The number of Americans filing new claims for unemployment benefits rose only slightly last week after a big drop the week before, keeping in place a trend that indicated a mild improvement in the labor market.
"The claims data was actually OK, with two weeks in a row now below 370,000, after two weeks prior above 380,000," said Peter Boockvar, equity strategist and portfolio manager at Miller Tabak in New York. "We await obviously tomorrow's payrolls number."
Initial claims for state unemployment benefits rose 4,000 to a seasonally adjusted 367,000, the Labor Department said, below economists' expectations for an increase to 370,000.
Coal companies' stocks rallied following Republican presidential nominee Mitt Romney's support of the coal industry during his televised debate with President Barack Obama on Wednesday night.
"By the way, I like coal," Romney said in the debate.
At midday on Thursday, shares of Arch Coal rose 7.1 percent to $6.64 and shares of Alpha Natural Resources gained 5.2 percent to $6.63.
The Dow Jones industrial average climbed 79.33 points, or 0.59 percent, to 13,573.94. The Standard & Poor's 500 Index rose 8.34 points, or 0.57 percent, to 1,459.33. The Nasdaq Composite Index gained 6.10 points, or 0.19 percent, to 3,141.40.
Financial shares led the market higher after Draghi said the ECB was ready to buy the bonds of euro-zone countries that ask for it, leaving the door open to a widely expected bailout of Spain. The S&P's financial index gained 1.3 percent.
Draghi, speaking at a regular monthly news conference, also said "significant progress" had been made in Spain to bring order to its finances, although more was needed.
The S&P 500 has climbed 16 percent so far this year. That strong gain, combined with weak global economic data and questions of whether Spain's bailout will come to pass, have prompted some investors to say the rally is starting to look overextended.

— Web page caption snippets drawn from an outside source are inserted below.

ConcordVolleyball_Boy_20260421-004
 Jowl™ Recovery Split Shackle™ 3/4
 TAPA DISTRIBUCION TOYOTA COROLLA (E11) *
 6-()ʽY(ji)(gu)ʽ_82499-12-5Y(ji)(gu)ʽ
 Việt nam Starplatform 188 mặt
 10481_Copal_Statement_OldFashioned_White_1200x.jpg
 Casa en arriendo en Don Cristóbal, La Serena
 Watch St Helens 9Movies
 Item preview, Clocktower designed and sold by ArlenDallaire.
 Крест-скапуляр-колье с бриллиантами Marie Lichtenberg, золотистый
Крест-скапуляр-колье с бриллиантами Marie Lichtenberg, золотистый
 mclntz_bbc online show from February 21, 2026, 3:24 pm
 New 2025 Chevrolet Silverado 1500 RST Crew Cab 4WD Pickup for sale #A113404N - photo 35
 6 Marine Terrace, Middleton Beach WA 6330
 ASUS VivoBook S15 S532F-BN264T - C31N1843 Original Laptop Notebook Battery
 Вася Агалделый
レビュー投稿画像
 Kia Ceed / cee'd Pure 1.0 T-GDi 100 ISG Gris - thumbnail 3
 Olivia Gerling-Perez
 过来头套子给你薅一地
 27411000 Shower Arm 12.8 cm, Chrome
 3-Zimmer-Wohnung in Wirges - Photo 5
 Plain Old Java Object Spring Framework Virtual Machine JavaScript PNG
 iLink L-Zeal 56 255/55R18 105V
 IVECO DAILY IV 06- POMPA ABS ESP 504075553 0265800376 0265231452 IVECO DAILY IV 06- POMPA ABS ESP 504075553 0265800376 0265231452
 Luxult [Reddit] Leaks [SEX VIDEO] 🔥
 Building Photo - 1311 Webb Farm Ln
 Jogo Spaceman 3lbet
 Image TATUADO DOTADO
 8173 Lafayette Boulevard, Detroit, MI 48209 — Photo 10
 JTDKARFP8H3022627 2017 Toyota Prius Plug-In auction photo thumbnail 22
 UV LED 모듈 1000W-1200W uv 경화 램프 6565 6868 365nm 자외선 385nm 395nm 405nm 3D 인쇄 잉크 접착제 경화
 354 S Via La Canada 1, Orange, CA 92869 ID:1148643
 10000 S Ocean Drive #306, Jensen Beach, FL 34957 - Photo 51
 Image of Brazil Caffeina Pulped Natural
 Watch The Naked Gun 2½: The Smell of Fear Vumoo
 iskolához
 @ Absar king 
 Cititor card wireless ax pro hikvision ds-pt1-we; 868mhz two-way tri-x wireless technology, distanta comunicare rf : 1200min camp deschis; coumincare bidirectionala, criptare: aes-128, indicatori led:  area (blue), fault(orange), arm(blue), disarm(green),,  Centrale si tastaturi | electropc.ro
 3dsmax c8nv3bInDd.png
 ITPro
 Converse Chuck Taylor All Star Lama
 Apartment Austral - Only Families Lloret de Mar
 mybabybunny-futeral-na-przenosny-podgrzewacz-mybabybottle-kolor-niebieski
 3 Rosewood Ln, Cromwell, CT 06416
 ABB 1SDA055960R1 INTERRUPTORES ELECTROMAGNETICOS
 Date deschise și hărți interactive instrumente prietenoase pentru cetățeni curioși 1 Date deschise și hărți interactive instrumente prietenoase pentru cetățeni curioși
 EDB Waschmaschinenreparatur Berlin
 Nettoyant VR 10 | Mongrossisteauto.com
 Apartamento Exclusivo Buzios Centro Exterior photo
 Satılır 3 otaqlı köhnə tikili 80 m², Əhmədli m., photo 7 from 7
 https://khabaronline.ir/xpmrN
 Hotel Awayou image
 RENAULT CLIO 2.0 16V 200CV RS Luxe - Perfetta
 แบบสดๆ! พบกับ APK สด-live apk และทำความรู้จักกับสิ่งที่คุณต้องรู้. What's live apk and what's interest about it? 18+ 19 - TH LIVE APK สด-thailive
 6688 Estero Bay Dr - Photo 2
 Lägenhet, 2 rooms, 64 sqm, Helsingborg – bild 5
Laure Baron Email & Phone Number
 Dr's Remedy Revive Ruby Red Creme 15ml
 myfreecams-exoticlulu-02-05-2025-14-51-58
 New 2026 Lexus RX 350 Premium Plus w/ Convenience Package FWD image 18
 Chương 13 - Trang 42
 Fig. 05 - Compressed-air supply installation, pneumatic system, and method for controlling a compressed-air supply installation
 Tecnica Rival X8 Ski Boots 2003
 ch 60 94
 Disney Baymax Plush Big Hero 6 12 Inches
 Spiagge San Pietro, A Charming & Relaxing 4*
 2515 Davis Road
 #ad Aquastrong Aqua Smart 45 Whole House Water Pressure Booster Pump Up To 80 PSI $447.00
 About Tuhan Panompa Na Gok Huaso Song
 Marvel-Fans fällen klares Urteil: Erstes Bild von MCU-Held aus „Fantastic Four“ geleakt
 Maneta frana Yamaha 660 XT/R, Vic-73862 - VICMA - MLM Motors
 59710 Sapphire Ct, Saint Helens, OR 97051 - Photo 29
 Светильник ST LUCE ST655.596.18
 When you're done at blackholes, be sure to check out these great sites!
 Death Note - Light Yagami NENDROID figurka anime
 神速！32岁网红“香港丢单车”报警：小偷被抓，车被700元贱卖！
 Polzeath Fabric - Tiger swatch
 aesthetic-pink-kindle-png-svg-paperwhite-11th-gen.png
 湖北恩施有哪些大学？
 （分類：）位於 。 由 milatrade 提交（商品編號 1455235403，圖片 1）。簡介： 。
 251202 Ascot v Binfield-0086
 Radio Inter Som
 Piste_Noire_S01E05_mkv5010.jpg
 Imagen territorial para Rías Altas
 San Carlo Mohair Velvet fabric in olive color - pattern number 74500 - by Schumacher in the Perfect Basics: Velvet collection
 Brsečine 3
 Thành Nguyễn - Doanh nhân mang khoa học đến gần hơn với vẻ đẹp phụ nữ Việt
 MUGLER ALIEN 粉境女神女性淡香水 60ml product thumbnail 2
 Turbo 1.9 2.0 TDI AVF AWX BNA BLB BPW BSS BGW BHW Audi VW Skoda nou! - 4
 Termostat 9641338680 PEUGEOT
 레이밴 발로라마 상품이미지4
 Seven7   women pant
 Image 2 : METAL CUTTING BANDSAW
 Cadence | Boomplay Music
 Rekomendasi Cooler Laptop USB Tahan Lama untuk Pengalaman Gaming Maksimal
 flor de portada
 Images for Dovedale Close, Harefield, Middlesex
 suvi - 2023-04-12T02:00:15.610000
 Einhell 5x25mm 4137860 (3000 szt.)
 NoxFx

"We've enjoyed this surge in the U.S. based on monetary policy, but at some point, we're going to need something a little more tangible to sink our teeth into to sustain higher equity prices," said Jack Ablin, chief investment officer of Harris Private Bank in Chicago.
The weaker dollar lifted the prices of crude and basic metals, which helped buoy shares in the energy and materials sectors. An S&P index of energy shares rose 0.8 percent, while an S&P index of materials shares gained 1.3 percent.
Shares of Dow component Hewlett-Packard fell 0.2 percent to $14.88, adding to Wednesday's 13 percent drop after Chief Executive Meg Whitman warned of an unexpectedly steep earnings slide in 2013.
Data showed U.S. retailers' September sales looked solid as shoppers wrapped up back-to-school buying and put the brakes on more big spending before the holiday season.
Costco Wholesale shares rose 1.6 percent to $101.23 after it reported a better-than-expected 6 percent rise in September sales at stores open at least a year.
On investors' watch list this afternoon: The Federal Reserve is expected to release the minutes from the September 12-13 meeting of its policy-setting Federal Open Market Committee at 2 p.m. EDT (1800 GMT).